:: Task statement ::
Repeat exactly, and only, the lines of the entries below from the one with "American Vintage Fizvalley" through the one with "Το αμαρτωλό τσιφτετέλι", both ends included.

:: Records provided ::
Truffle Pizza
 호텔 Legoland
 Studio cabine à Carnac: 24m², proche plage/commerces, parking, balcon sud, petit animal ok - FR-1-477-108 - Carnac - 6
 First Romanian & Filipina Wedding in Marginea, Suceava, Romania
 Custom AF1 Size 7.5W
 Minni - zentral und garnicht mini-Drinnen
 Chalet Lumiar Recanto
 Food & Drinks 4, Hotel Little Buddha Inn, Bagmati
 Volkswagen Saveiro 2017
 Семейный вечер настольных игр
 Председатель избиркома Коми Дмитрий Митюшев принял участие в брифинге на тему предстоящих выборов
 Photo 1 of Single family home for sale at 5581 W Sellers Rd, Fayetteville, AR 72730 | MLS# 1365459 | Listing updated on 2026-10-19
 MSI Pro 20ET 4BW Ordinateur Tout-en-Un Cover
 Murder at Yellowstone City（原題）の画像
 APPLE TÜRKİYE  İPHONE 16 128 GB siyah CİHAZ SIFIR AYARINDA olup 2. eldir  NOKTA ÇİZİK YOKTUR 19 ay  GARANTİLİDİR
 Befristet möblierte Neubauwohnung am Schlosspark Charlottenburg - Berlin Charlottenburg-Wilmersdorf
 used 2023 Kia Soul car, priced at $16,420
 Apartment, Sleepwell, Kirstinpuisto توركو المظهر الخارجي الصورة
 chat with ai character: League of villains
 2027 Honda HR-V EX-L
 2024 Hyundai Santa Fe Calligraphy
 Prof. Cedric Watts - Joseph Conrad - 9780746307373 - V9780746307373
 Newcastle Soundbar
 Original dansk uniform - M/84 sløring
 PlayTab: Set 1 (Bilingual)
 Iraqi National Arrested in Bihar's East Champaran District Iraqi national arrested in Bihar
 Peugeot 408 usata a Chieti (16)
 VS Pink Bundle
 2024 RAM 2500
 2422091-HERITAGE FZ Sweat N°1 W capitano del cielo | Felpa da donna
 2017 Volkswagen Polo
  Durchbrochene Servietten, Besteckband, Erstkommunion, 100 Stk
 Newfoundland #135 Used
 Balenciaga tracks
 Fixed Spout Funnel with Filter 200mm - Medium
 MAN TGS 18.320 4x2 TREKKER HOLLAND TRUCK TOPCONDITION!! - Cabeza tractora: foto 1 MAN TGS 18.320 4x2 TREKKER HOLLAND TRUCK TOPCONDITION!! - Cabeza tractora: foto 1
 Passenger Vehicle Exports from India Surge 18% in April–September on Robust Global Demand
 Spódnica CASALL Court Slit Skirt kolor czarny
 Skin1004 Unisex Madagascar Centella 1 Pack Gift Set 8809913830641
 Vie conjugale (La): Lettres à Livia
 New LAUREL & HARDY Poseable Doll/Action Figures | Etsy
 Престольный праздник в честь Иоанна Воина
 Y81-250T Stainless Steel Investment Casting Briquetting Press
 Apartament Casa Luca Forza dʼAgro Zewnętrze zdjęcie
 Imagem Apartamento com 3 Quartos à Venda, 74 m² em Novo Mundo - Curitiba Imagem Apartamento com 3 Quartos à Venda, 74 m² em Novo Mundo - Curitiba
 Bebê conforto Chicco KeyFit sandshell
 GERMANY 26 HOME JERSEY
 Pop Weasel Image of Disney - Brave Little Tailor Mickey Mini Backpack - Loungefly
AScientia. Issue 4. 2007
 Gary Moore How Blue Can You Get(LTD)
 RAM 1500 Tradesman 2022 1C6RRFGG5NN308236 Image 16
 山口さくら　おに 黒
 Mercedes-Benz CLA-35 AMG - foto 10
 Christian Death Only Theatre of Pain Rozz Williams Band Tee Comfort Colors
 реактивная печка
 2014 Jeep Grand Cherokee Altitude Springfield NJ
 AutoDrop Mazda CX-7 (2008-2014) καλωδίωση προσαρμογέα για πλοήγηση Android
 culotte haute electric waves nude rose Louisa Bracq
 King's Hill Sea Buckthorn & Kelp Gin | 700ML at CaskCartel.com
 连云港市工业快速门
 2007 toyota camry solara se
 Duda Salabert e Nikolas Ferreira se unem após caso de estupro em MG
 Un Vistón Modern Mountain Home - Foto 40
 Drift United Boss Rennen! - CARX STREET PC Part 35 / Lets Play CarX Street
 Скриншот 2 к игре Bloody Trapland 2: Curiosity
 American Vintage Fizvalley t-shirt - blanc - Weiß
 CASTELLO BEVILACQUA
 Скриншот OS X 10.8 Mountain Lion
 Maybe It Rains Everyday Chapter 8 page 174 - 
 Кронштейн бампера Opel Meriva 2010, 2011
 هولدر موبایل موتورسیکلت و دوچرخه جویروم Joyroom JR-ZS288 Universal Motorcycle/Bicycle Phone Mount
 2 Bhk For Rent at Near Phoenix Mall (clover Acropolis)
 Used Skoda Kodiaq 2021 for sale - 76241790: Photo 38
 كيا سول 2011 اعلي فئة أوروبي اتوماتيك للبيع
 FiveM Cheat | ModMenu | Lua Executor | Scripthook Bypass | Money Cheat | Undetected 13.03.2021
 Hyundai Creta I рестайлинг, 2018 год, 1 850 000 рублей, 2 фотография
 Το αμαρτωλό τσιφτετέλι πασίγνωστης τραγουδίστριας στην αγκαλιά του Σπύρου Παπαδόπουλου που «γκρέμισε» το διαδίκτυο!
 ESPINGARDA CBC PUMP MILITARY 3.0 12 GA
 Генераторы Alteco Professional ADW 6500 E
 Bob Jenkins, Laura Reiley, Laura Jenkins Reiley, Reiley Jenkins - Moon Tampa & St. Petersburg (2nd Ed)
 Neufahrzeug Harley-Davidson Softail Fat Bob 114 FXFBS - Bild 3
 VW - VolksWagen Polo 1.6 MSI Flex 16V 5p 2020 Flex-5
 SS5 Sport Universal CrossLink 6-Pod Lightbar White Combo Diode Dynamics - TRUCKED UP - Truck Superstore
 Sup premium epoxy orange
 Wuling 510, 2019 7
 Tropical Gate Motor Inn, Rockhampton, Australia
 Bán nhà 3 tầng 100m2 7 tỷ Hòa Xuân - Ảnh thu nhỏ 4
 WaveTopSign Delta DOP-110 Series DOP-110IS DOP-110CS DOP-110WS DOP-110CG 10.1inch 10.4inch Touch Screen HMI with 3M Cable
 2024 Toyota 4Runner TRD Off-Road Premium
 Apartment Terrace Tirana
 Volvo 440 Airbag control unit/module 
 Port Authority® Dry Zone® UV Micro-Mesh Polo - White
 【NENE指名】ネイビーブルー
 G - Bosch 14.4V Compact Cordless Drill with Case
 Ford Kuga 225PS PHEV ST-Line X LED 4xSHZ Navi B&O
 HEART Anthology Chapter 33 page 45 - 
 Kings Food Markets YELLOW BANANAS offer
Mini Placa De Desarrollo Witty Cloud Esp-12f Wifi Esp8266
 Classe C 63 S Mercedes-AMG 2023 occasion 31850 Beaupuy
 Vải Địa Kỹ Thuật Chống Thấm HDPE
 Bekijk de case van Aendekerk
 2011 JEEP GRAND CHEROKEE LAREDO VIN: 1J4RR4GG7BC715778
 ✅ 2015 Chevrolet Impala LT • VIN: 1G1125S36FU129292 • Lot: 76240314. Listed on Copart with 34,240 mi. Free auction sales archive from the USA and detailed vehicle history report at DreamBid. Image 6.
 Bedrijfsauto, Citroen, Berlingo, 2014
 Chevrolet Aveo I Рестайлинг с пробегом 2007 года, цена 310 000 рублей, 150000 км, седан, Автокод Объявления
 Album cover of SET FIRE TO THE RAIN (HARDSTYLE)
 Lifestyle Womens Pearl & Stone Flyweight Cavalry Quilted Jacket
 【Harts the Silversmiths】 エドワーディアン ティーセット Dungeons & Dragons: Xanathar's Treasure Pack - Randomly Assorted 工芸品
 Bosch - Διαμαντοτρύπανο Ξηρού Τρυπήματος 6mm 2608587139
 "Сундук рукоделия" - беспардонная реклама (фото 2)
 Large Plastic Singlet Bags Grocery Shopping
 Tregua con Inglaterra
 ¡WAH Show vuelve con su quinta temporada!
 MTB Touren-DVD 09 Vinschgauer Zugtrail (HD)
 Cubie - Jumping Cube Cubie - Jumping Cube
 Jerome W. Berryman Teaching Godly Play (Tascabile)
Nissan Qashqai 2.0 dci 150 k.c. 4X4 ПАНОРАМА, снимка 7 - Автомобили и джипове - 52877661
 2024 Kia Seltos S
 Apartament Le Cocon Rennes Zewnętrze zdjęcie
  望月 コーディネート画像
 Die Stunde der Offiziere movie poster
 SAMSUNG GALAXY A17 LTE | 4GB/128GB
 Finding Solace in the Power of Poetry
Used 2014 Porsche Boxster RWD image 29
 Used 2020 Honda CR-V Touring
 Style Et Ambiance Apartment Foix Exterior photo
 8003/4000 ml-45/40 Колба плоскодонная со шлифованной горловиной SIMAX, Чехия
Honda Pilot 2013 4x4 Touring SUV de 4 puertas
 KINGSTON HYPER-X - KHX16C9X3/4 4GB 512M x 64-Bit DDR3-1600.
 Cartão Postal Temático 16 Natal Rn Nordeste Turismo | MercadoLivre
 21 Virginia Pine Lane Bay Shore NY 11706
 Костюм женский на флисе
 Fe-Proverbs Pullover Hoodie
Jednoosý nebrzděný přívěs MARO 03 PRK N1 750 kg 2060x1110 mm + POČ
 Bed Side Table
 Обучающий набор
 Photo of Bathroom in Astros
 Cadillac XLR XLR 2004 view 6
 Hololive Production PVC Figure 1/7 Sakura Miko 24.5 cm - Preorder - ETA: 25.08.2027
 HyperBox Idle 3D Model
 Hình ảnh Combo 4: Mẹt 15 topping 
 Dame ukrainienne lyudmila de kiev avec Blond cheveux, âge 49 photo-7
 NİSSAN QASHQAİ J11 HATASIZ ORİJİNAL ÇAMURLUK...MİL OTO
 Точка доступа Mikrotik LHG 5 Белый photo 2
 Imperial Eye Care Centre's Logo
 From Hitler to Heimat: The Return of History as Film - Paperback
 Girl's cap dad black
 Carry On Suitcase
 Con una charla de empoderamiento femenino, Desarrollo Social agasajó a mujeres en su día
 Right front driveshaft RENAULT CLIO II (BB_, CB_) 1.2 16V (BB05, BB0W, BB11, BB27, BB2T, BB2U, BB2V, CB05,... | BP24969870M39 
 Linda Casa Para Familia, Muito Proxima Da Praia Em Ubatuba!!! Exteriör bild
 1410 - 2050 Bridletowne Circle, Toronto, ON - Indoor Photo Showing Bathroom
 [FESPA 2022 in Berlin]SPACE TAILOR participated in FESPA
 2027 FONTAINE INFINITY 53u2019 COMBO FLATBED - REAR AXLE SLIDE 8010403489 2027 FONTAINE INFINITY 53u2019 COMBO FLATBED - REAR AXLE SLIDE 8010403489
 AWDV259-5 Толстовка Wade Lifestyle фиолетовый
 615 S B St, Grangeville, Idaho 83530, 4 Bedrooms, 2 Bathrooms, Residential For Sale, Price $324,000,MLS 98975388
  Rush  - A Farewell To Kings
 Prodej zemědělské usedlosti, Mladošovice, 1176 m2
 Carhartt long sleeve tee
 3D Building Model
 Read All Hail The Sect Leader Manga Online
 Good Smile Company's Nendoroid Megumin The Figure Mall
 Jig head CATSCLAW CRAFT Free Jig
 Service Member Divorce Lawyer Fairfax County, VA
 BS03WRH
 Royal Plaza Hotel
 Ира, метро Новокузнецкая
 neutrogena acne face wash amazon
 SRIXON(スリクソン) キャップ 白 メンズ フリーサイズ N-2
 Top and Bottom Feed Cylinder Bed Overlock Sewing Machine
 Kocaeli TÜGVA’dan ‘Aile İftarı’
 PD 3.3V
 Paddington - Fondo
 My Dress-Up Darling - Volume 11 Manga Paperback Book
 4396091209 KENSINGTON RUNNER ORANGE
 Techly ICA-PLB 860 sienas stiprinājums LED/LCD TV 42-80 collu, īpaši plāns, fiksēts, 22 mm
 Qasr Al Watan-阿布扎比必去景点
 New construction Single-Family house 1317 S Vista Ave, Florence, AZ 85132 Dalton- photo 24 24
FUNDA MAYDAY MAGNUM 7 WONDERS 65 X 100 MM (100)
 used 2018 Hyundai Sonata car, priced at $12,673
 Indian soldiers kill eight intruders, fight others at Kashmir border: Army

:: Your solution ::
 American Vintage Fizvalley t-shirt - blanc - Weiß
 CASTELLO BEVILACQUA
 Скриншот OS X 10.8 Mountain Lion
 Maybe It Rains Everyday Chapter 8 page 174 - 
 Кронштейн бампера Opel Meriva 2010, 2011
 هولدر موبایل موتورسیکلت و دوچرخه جویروم Joyroom JR-ZS288 Universal Motorcycle/Bicycle Phone Mount
 2 Bhk For Rent at Near Phoenix Mall (clover Acropolis)
 Used Skoda Kodiaq 2021 for sale - 76241790: Photo 38
 كيا سول 2011 اعلي فئة أوروبي اتوماتيك للبيع
 FiveM Cheat | ModMenu | Lua Executor | Scripthook Bypass | Money Cheat | Undetected 13.03.2021
 Hyundai Creta I рестайлинг, 2018 год, 1 850 000 рублей, 2 фотография
 Το αμαρτωλό τσιφτετέλι πασίγνωστης τραγουδίστριας στην αγκαλιά του Σπύρου Παπαδόπουλου που «γκρέμισε» το διαδίκτυο!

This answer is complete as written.